The start of their career can be defined by their number one song on Apple Music, “Memphis,” They always wanted to ensure that their artistry wouldn’t be pigeonholed to one sound or expectation of themselves. Hence the album that came after that Fuck Your Expectations. “We hit this point last year, where we were burnt,” Jody explained.
Each of their projects reflects where their life is at the recording time, like anything. “Like Halfway Off the Porch,” we were here, then we were jumping off,” Jody started. “FYE was when we first got noticed, and we were like, ‘fuck your expectations, let us do what we want, please.’ And now Impostor Syndrome is like we’ve been doing what we want a little bit now we’re starting to feel like once people realize what it is we’re truly doing, we’re going to get found out because we’re not what people thought we were.”
This project lets the listeners see how AG Club has perfected their sound. In all of their projects, there is genre-blending, combining more upbeat hip-hop raging songs accompanying the more emotional that allows for more vulnerability. At the show, Jody broke down, reminiscing on the loss of his father before going into the song “Mary,” after scaling the balcony above the crowd, performing “Mr. Put It On,” from the same album.
“I feel like on this new project, we have doubled down on that,” Jody began. “I think we’re slowly starting to perfect that.

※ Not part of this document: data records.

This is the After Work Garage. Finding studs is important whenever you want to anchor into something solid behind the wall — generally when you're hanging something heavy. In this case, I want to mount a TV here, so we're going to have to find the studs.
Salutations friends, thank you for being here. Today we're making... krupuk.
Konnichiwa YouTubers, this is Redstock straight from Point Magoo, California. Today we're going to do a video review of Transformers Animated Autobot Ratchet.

That is kind of the way we embody the whole avant-garde thing.”
Jody and Baby Boy showed their gratitude for the community, which allowed them to become the artist they are today. They are reaching back to pull other creatives forward with them. When they first started, so much of their career took place during the height of the pandemic. Now they can see the people who love and support them through a phone screen and in real life.

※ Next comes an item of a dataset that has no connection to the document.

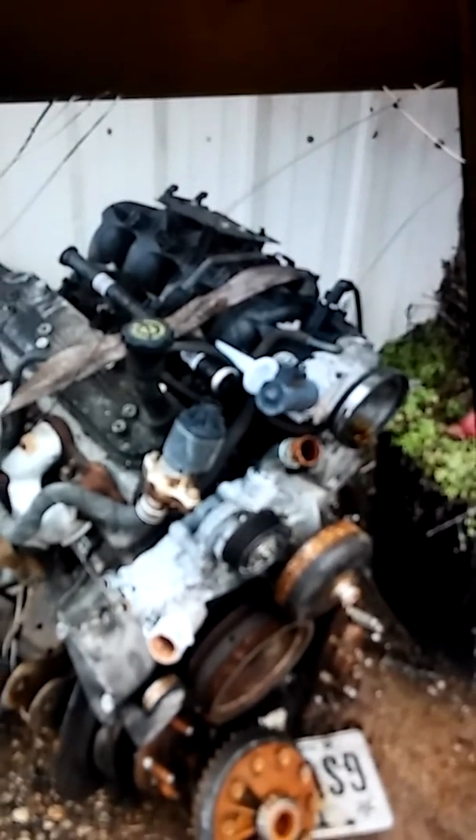I can put that $100 LS in it and probably show you guys how to do that. I might as well go back to the junkyard and grab a few parts off this LS — like the drive-by-wire intake, the drive-by-wire throttle body, the oil cap, and a few heads off of it.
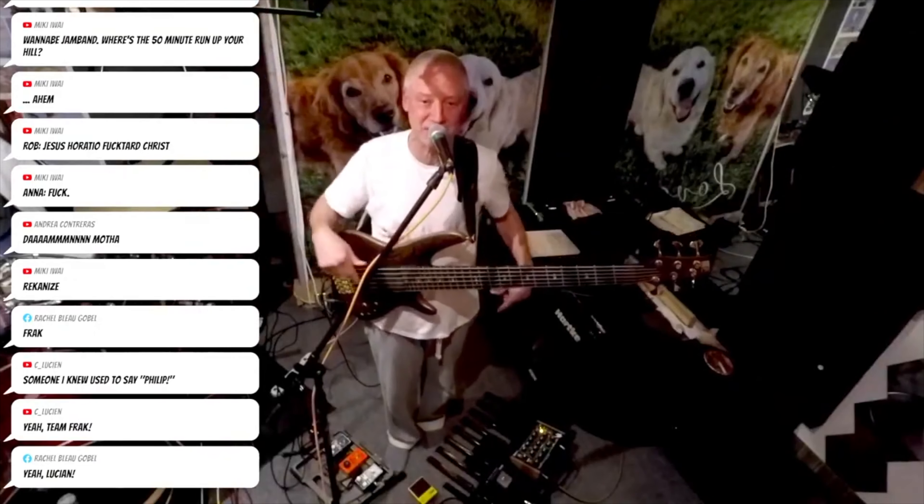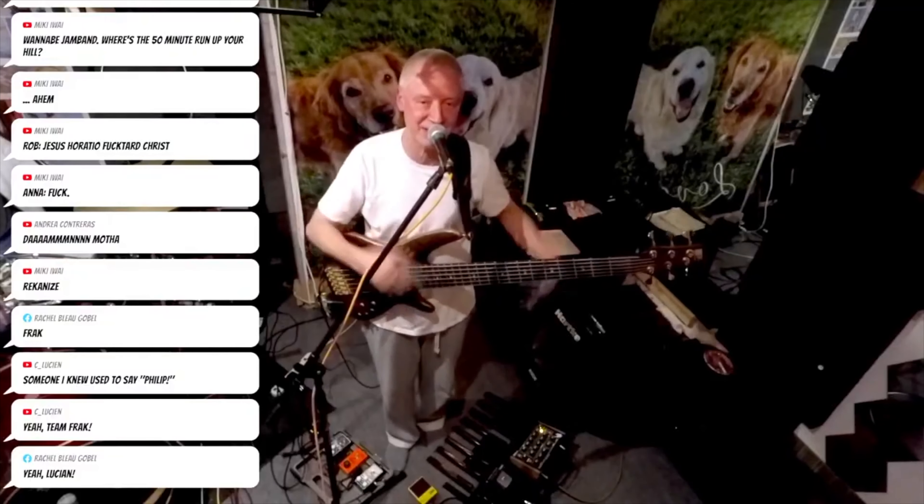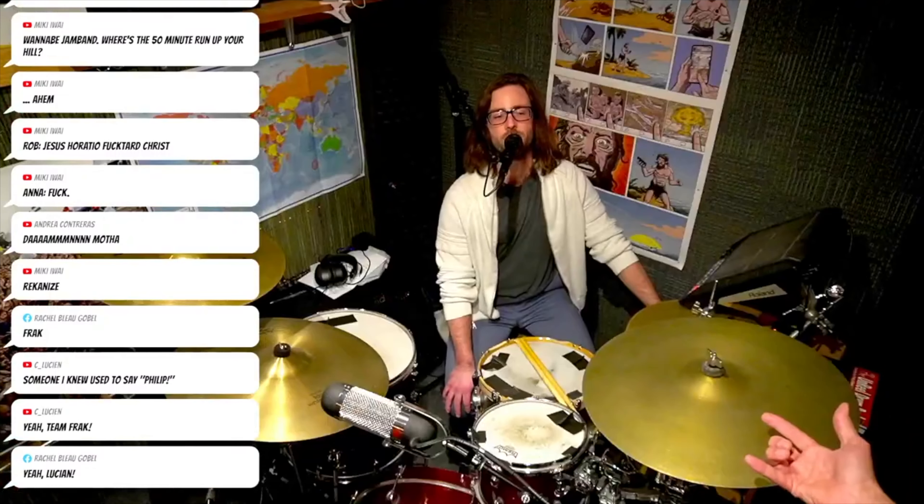So I've been torturing these guys with the live bass and the synth for a while, so... Damn it, Johnny! Damn it, Johnny! No, get off my lawn, damn it, Johnny!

“I feel like it’s important for us to do stuff like this so we can remind ourselves that there are real people that care about us and like and appreciate what we’re doing,” Jody said. “If we see them, then it doesn’t really matter what else is going on. It doesn’t matter if we feel like the internet is not fucking with us or whatever. There are real people. They count, and they matter, and that’s reason enough to keep going.”